WHAT THE EXERCISE ASKS:
Give the lines again exactly as they appear below, from the line with "A 450-watt 80" to the line with "So again, if", both included, and only those lines. Leave every picture out.

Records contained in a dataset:

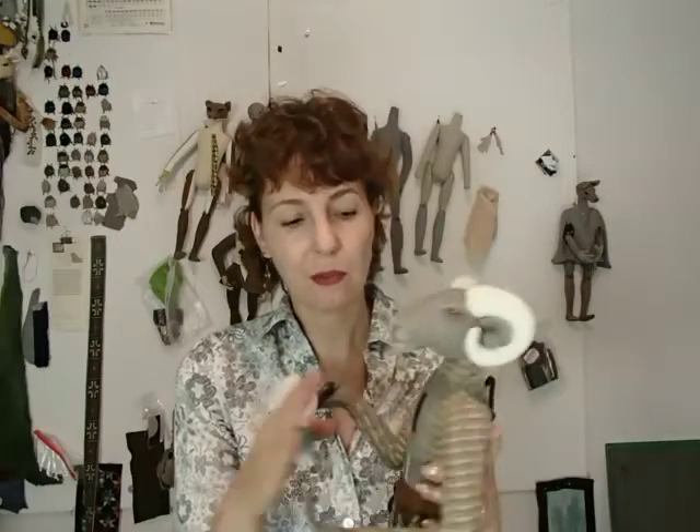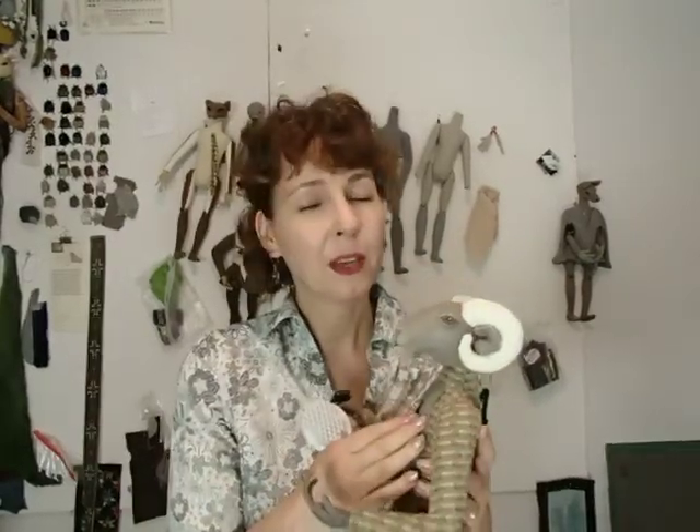That's really the most that you can do yourself. If you have something that seems really embedded, you can try getting some painter's tape, wrapping it around your fingers, and gently patting the surface. But other than that, you really don't want to try anything yourself.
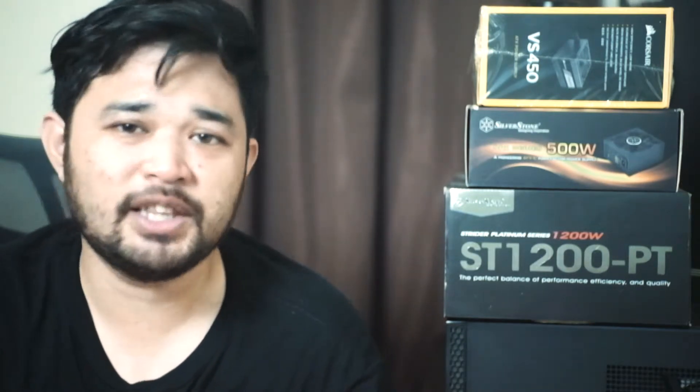A 450-watt 80 Plus Bronze power supply is actually quite enough for most builds. You can check the video by Steve from Gamers Nexus about it. But of course, it is not recommended if you have an i9-9900K with a 2080 Ti. If you have the budget to buy high-end parts, it would also mean that you have enough money to buy a better power supply.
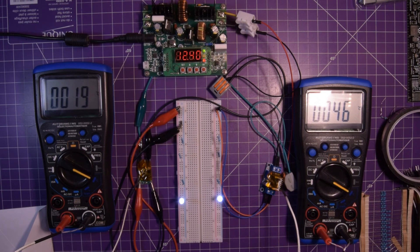So again, if you want to see videos on the LM317, linear regulators, or switching DC-DC converters, let me know in the comments below. It would be great to get some feedback on what you guys want to see on this channel. But as always, thanks for watching.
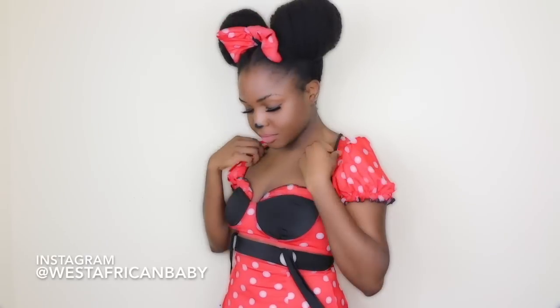Hi guys, welcome back to my channel! Today I have another video for you — this is my first Halloween tutorial for this month. I'm gonna be using Uncle Funky's Daughter products to turn myself into Minnie Mouse!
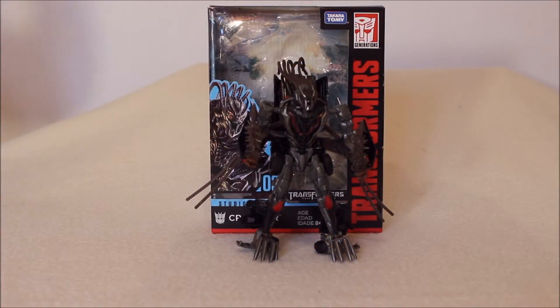Despite being generally impressed with the Studio Series line so far — I've said it a few times, this is what I think we should have always gotten for movie figures — that doesn't mean that every one of them is going to be an absolute win. Case in point, we have Crowbar here. I wish I could say that I was excited for him and that I really like him, but I can't, at least not completely. There are good things, there are bad things, and we're going to go over all of it. But before we do that, let's take a look at his box really quickly.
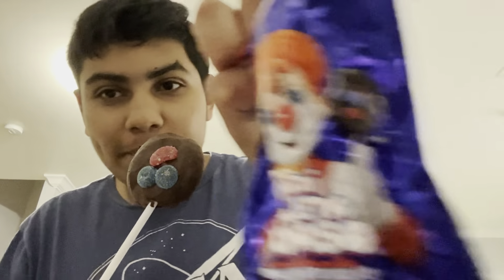Oh my gosh. What on earth? They put it the wrong way. How do I know this? In the packaging, it's supposed to be like that. Alright, let's just bite into this now.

SOLUTION:
A 450-watt 80 Plus Bronze power supply is actually quite enough for most builds. You can check the video by Steve from Gamers Nexus about it. But of course, it is not recommended if you have an i9-9900K with a 2080 Ti. If you have the budget to buy high-end parts, it would also mean that you have enough money to buy a better power supply.
So again, if you want to see videos on the LM317, linear regulators, or switching DC-DC converters, let me know in the comments below. It would be great to get some feedback on what you guys want to see on this channel. But as always, thanks for watching.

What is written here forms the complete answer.